• _Caption-style text data_
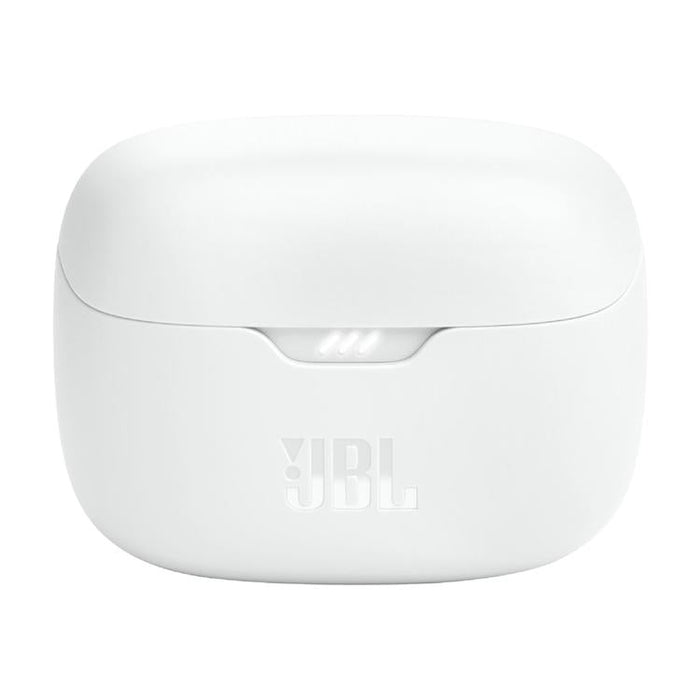 JBL Tune Buds | Écouteurs intra-auriculaires - 100% Sans fil - Bluetooth - Réduction de bruit - 4 microphones - Blanc-SONXPLUS St-Jean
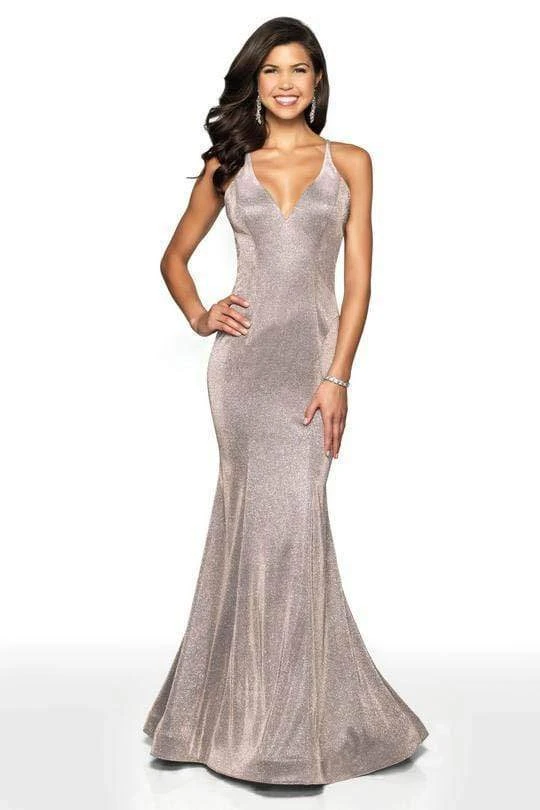 Formal Gowns Blush By Alexia Designs - 11726 Plunging V Neck Shimmer Mermaid Gown 3 Formal Gowns Blush By Alexia Designs - 11726 Plunging V Neck Shimmer Mermaid Gown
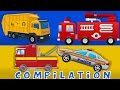 Cars Fire Truck Tow Truck Heavy Vehicle Compilation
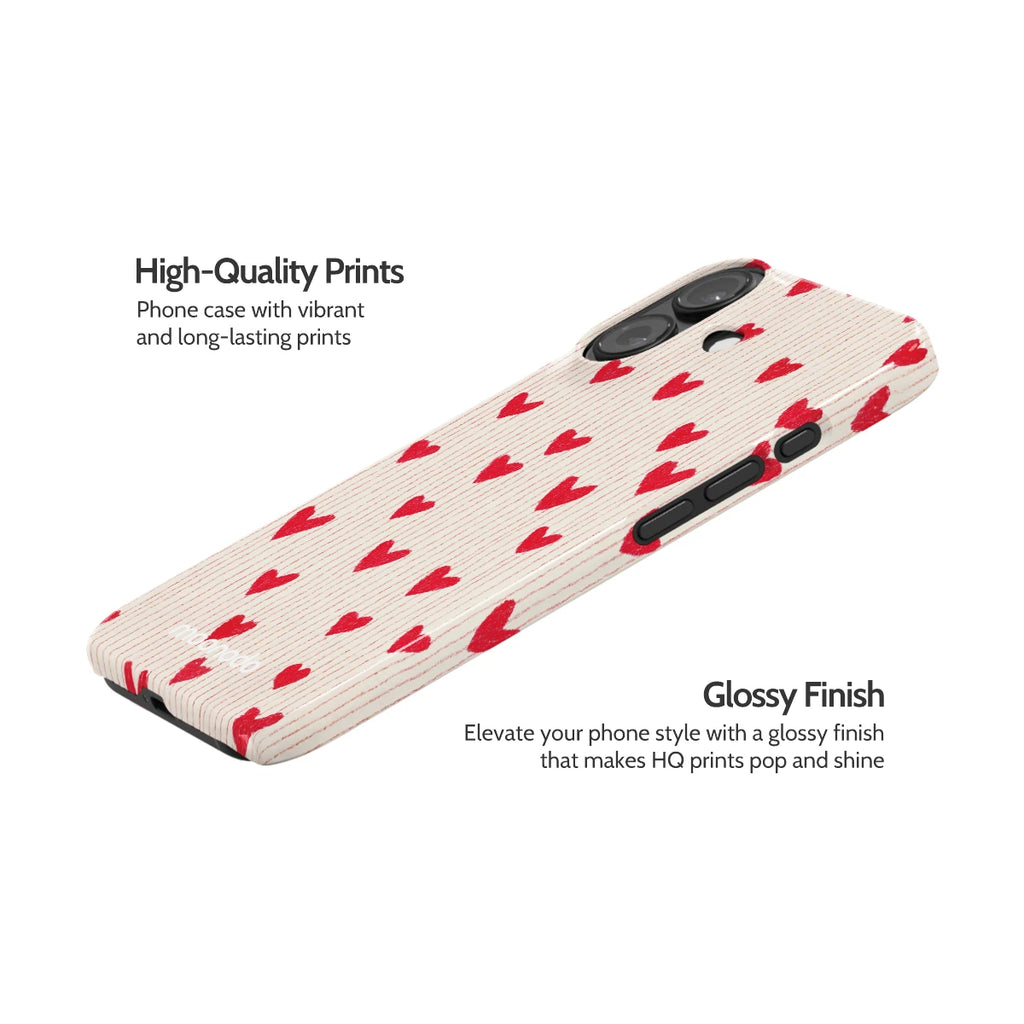 Crimson Pulse - iPhone 16 Case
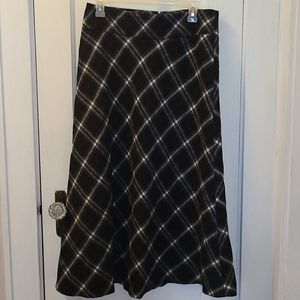 Talbots plaid skirt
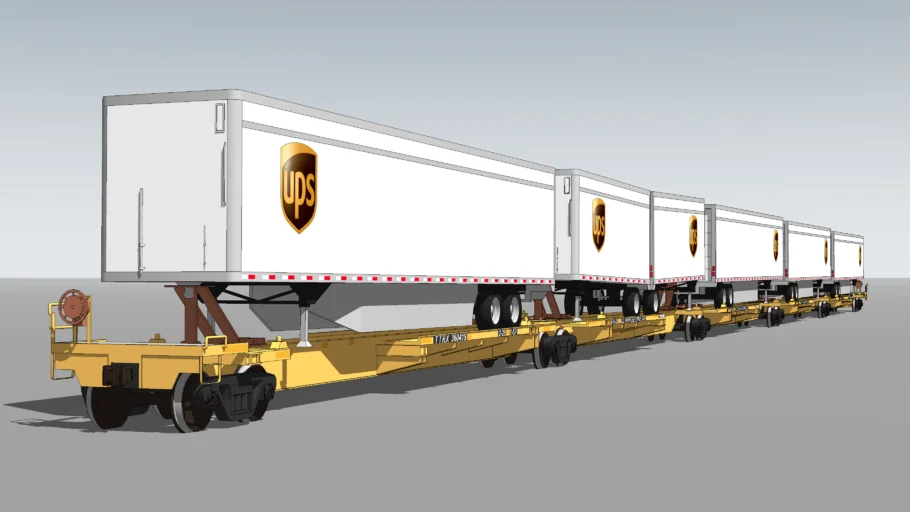 TrinityRail - 57ft All-Purpose 5-Unit Spine Car - TTX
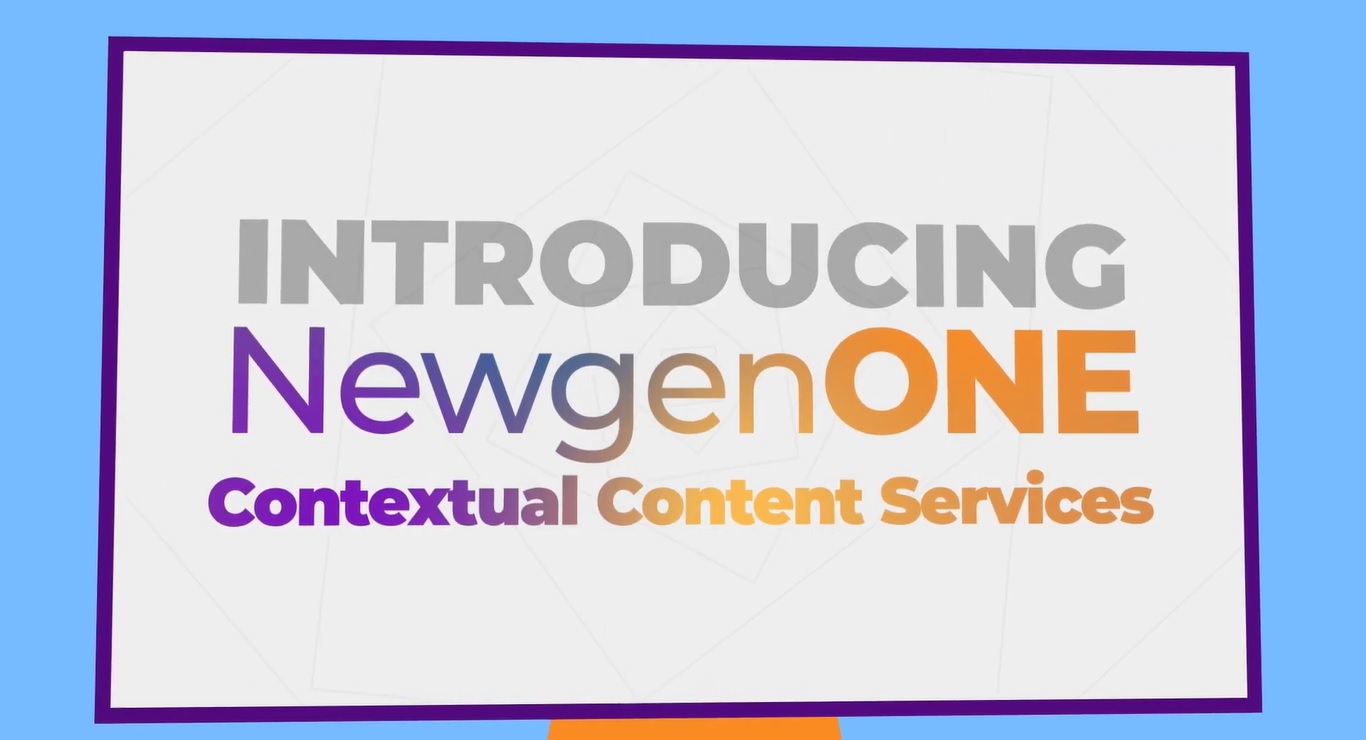 NewgenONE contextual content services platform
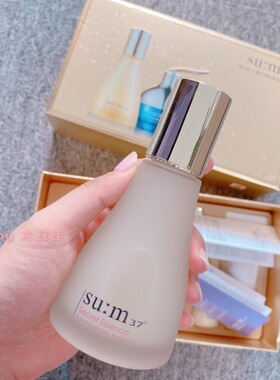 韩国苏秘sum37呼吸魔法奇迹精华水份惊喜花园水乳面霜套盒保湿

• _Exercise brief_
The response should be the lines from the one containing "TrinityRail - 57ft" through the final line of the records, reproduced exactly and with every picture left out.

• _Task result_
 TrinityRail - 57ft All-Purpose 5-Unit Spine Car - TTX
 NewgenONE contextual content services platform
 韩国苏秘sum37呼吸魔法奇迹精华水份惊喜花园水乳面霜套盒保湿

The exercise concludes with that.